Print exactly the lines from the line with "沖縄の桜を楽しもう!キャンペーンの詳細" to the last line of the data, please, both included.

DATASET EXCERPT START

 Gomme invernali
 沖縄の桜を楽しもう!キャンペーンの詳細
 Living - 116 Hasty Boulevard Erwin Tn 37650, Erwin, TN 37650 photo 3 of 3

DATASET EXCERPT END

▶ THE ANSWER:
 沖縄の桜を楽しもう!キャンペーンの詳細
 Living - 116 Hasty Boulevard Erwin Tn 37650, Erwin, TN 37650 photo 3 of 3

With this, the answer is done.